As medidas adotadas por Washington — primeiro uma lista de tarifas e depois o chamado “tarifaço” de 50% sobre produtos brasileiros — não são apenas números frios: são ataques às nossas indústrias, ao trabalho e à capacidade do país de negociar de igual para igual. Lula, com a autoridade de quem já enfrentou o mercado e a direita, deixou claro que não vai se humilhar: “Pode ter certeza de uma coisa: o dia que a minha intuição me disser que o Trump está disposto a conversar, eu não terei dúvida de ligar para ele. Mas hoje a minha intuição diz que ele não quer conversar.

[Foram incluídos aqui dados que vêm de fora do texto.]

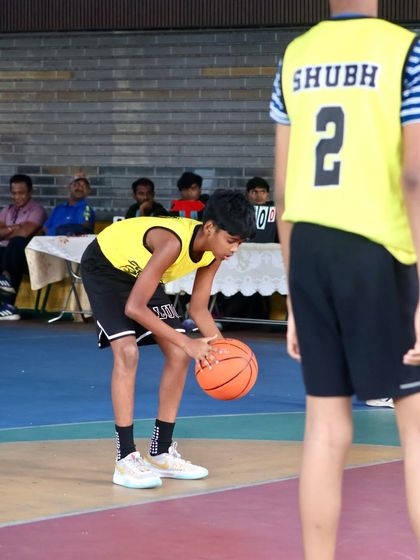A young player sets up for a play during a sub-junior tournament. Even at a young age, we focus on teaching game awareness and positioning.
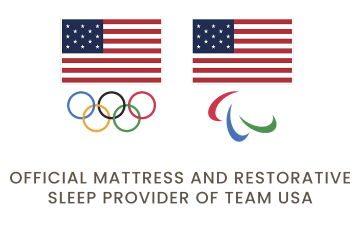 American flag with Olympic and Paralympic symbols, text: Official Mattress Provider of Team USA.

E eu não vou me humilhar”, afirmou o presidente.
Enquanto isso, a Casa Branca ressoa discursos paternalistas e imperialistas: “Ele (Lula) pode conversar comigo quando quiser. Vamos ver o que acontece. Mas eu amo o povo do Brasil”, disse Trump em agosto, numa mistura de condescendência e vaidade. E quando a retórica já não disfarça as sanções, o porta-voz insiste: “O presidente (Trump) certamente não está tentando ser o imperador do mundo. Ele é um presidente forte… e também é o líder do mundo livre”, respondeu a Casa Branca à crítica de Lula.
A realidade, porém, é mais dura que as selfies diplomáticas: tarifas bilionárias, pressão sobre nossas cadeias produtivas e tentativas de rebaixar o Brasil no tabuleiro internacional. É preciso montar uma defesa firme da soberania, fortalecer nossas estatais, proteger empregos e garantir que as negociações ocorram em pé de igualdade, e não mediante bajulações ou humilhações. Não queremos favores, queremos respeito. Não aceitaremos decisões unilaterais que ataquem nossa economia e nossa democracia.
Mais do que gestos, o momento exige estratégia: unidade nacional contra ataques econômicos, capacidade de diálogo com parceiros multilaterais comprometidos com regras, e uma postura firme para que o Brasil não se torne moeda de troca em disputas geopolíticas. Ao mesmo tempo em que ironizamos a pantomima dos abraços relâmpago, precisamos transformar a indignação em política concreta — e o PT, com Lula à frente, tem responsabilidade histórica de não ceder às chantagens do grande capital internacional.
O encontro “na próxima semana” pode até acontecer, mas não será com autógrafos de vaidade: será com a cabeça erguida, condições claras e a defesa intransigente dos interesses do povo brasileiro. Quem pensa que diplomacia se resolve com química pessoal e elogios públicos ainda não entendeu que soberania se reconquista com trabalho, organização e força política.